#172185 - SatNav - Sat Jan 23, 2010 4:49 pm
This is an odd one (to me at least), so please bear with me. I've tried to find some info myself, but I'm hampered by the fact that I don't even know what terms to search for, so I'll try to explain.
I'm trying to write a Rubik's Cube program. So far, I can draw the cube, and using the touchscreen, rotate it around the X and Y axes, as well as pick individual squares on the face of the cube (and colour them a nice purple).
The problem I'm facing involves grabbing and rotating segments of the cube. Specifically deciding, once I've grabbed a square, *which way* I want to rotate. If the cube is right-way-up, dead-on to the screen, then up/down is up/down and there's no problem, but if the square I'm grabbing is at some odd angle in 3-dimensions, then Up is no longer necessarily Up - so how do I reconcile this with the 2d input from the touchscreen?
The problem (in my mind) is vaguely analogous to how a d-pad or analog stick works in a 3d scene.

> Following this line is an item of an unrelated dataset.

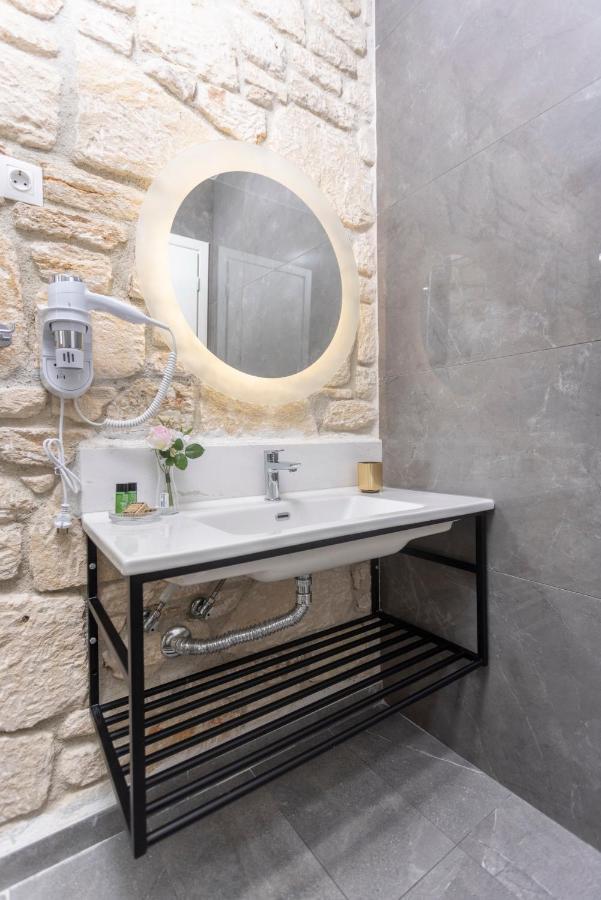 Anna Mare Luxury Apartments Afytos Esterno foto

I'm not looking for a detailed explanation or anything - just hoping that someone could point me in the direction of a tutorial, or perhaps enlighten me with the name of the technique I'm describing (I'm sure it must have a name), so I can do the research myself.
Cheers,
Mark.
#172191 - Drovor - Sun Jan 24, 2010 7:55 am
There's a demo provided with the devkitPro DS examples (doesn't work in NO$GBA for some reason): examples/ds/Graphics/3D/Picking
Essentially you draw your screen twice.
First draw it normally the way you would display it to the player, then draw with a 1x1 pixel window over the pixel you want to 'pick'. Check whether the 'GFX_POLYGON_RAM_USAGE' register increased. If it does you know that polygon was picked.

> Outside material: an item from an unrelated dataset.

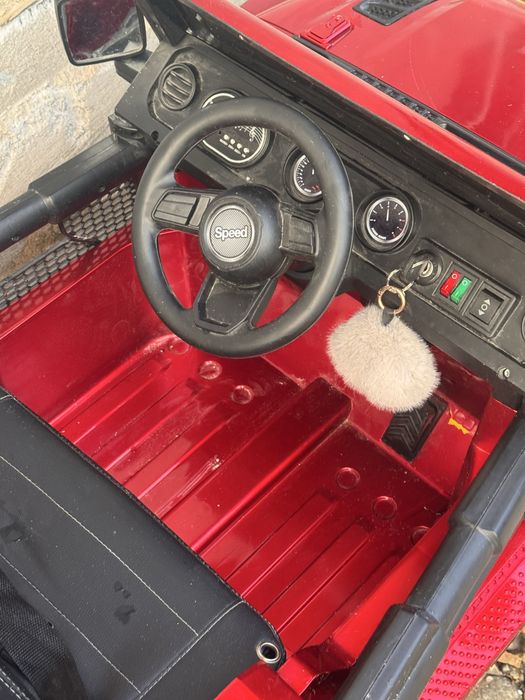 Продам детскую машину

I implemented the same algorithm here (search for 'pickMode'):
http://github.com/drovor/DSAnts/blob/master/source/MapDraw.cpp
#172192 - SatNav - Sun Jan 24, 2010 9:30 am
Hi,
thanks for the reply, but that's not exactly what I'm looking for. I'm already using picking in my code, the trouble I'm having is what to do next. I don't know how to explain better than I already have, so I'll reproduce the relevant section here:
| SatNav wrote: |
| The problem I'm facing involves grabbing and rotating segments of the cube. Specifically deciding, once I've grabbed a square, *which way* I want to rotate. If the cube is right-way-up, dead-on to the screen, then up/down is up/down and there's no problem, but if the square I'm grabbing is at some odd angle in 3-dimensions, then Up is no longer necessarily Up - so how do I reconcile this with the 2d input from the touchscreen? |
Cheers
#172197 - AntonioND - Sun Jan 24, 2010 1:40 pm
| Drovor wrote: |
| (doesn't work in NO$GBA for some reason) |
That reason is that 'GFX_POLYGON_RAM_USAGE' and 'GFX_VERTEX_RAM_USAGE' aren't emulated in NO$GBA.
'GFX_VERTEX_RAM_USAGE' is emulated, if I remember correctly, in iDeaS, but iDeaS emulates 3D worse than NO$GBA or DeSmuME...

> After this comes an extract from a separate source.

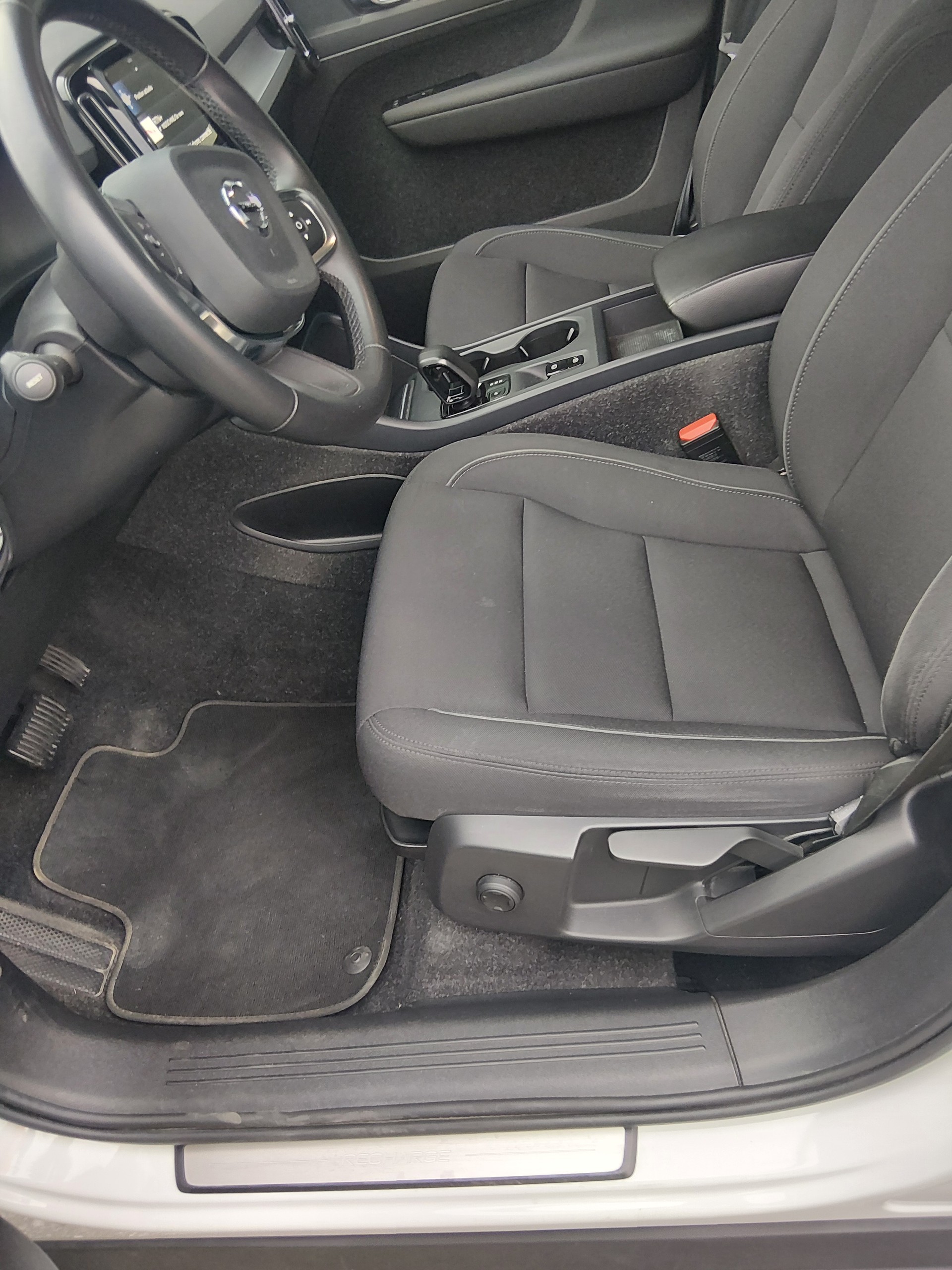 VOLVO XC40 T5 TwE Inscription Expression DCT-image-8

Last edited by AntonioND on Sun Jan 24, 2010 1:43 pm; edited 1 time in total
#172198 - TwentySeven - Sun Jan 24, 2010 1:40 pm
Ok so you have picking sorted out - I assume yes.
So you need to figure out the relative motion of the stylus drag to your cube.
eg:
cube is axial in the world, dragging X- to X+ would produce a clockwise rotation.
cube is rotated around the center of the screen 180o, dragging X- to X+ would produce a counterclockwise rotation.
If this is the issue, the you can simply brute force it.
Theres only 6 faces, and 4 orientations per face, so 24 possible combinations of which face is most facing the camera, and then how its rolled.
eg:
the X+ is facing the camera, and it's either Z up, Z right, Z down or Z left.
the X- is facing the camera, and it's either Z up, Z right, Z down or Z left.
the Y+ is facing the camera, and it's either X up, X right, X down or X left.
onwards for all 6 faces.
#172205 - SatNav - Sun Jan 24, 2010 7:26 pm
| TwentySeven wrote: |
Ok so you have picking sorted out - I assume yes.
So you need to figure out the relative motion of the stylus drag to your cube. |
Yes pretty much exactly this. Thing is, most of the time, the cube won't be at some convenient multiple of 90 degrees, but rather at some weird angle that can't be predicted, so the brute force thing won't really work. But thanks for bearing with my terrible explanations :)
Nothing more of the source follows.